仰げば尊し」が何故、卒業式で採用されなくなったのか。それは別に「我が師の恩」が恩着せがましいなんていうゆる〜い理由ではない。卒業式にしても謝恩会にしても、我が師の恩が尊くて別段の問題は無いはずである。(だって卒業式にしても謝恩会にしてもそもそもそういうイベントじゃないの?) ドラマをつくった人か脚本をつくった人がわざと茶を濁したのか、それともほんとうに不勉強なのか、それは最早どっちでもいいことだけど、どっちにしても格好のいい話ではない。こういうつまらない「すり替え」に「ふーん」とか「へぇー」とか言ってしまってはいけない。
実際に問題とされていたのは 2番の歌詞。「身を立て名を上げ やよ励めよ」の部分である。
なんでそれが問題なのかはここでは書かないし、それの問題性がわからない人には、問題視する必要もないものなのでいずれにせよ同じことである。ともかく、そういう歴史があったということ、そういうのに過剰に反応する人がいるということ、教育現場という名の「現場」はそういう「心情」に配慮するものであるということ、肝心なのはこの 3点である。
私(おうる)はといえば、歌うという行為について普通の人とはちょっと異なる複雑な感情を持っているので、歌えといわれても歌わないことが多々ある(あった)。

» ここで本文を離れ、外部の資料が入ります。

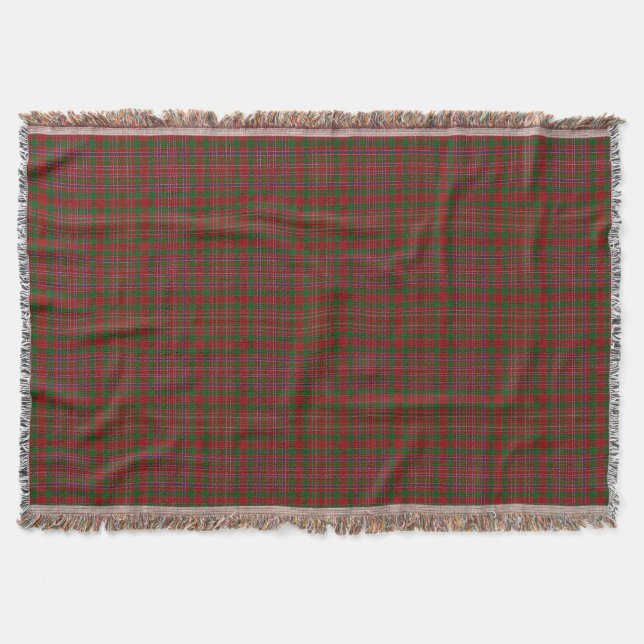 Scottish Clan MacAlister Tartan Throw Blanket (Front)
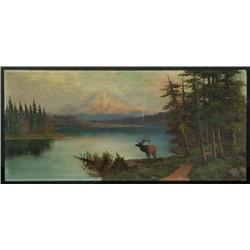 OIL LEROY DAYTON UPDYKE MT. RAINIER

しかし、総論では歌で気持ちを表現したり儀式を締めたりすることについて何らの異論もない。だから「仰げば尊し」をドラマの中で象徴的に使うことについて、それがどうだとも思わなければ賢明かつ効果的な演出だとも思わない。個人的な経験では、母校の卒業式で定番となっていた「ハレルヤ」の大合唱が「宗教的理由」とやらを楯にした変梃なクレームで廃止になってしまったのはとても残念だった。「そんなことを言ったら「大地讃訟」も歌えないじゃないかねぇ」と、合唱部の面々はぼやいていたものだった。
話がそれたが、教育論争などを一部で再燃させたらしい例のドラマは、「小学生の子役たち、かわいいねぇ」という鑑賞法がいちばん正しいみかただったらしい、ということを、なんとなく思った。とは言っても私(おうる)はほんの少々チラ見していただけなので、本当のところはよくわからない。
どっちにしてもいま現在の私(おうる)は自分の殻の中のことだけで充分手一杯なので、子供の教育とかしつけとか、そういう方面について考察するゆとりがない。